*Action item:* Return nothing but the lines from the one with "Finding his courage: Bilbo" through the one with "Multi-lane highway with markings on asphalt" in the data below, word for word and without pictures.

*Input records:*
= = =

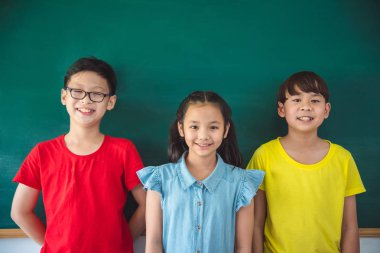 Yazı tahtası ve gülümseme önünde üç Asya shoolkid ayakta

= = =

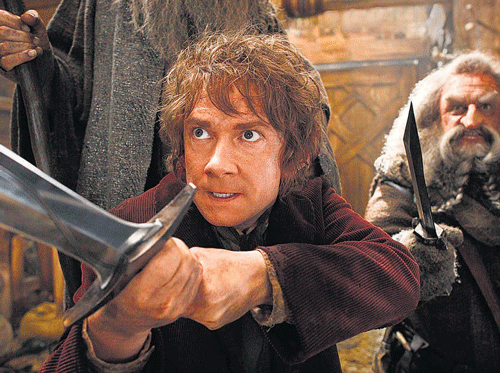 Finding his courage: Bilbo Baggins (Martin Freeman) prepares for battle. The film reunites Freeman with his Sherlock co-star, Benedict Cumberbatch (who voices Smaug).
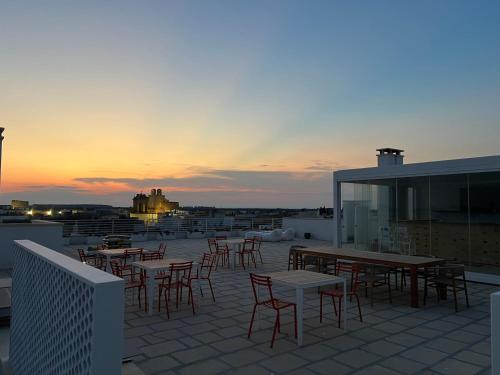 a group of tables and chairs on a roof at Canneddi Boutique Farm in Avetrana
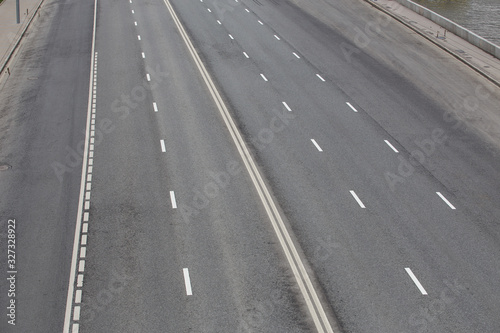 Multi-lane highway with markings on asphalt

= = =

*Exercise answer:*
 Finding his courage: Bilbo Baggins (Martin Freeman) prepares for battle. The film reunites Freeman with his Sherlock co-star, Benedict Cumberbatch (who voices Smaug).
 a group of tables and chairs on a roof at Canneddi Boutique Farm in Avetrana
 Multi-lane highway with markings on asphalt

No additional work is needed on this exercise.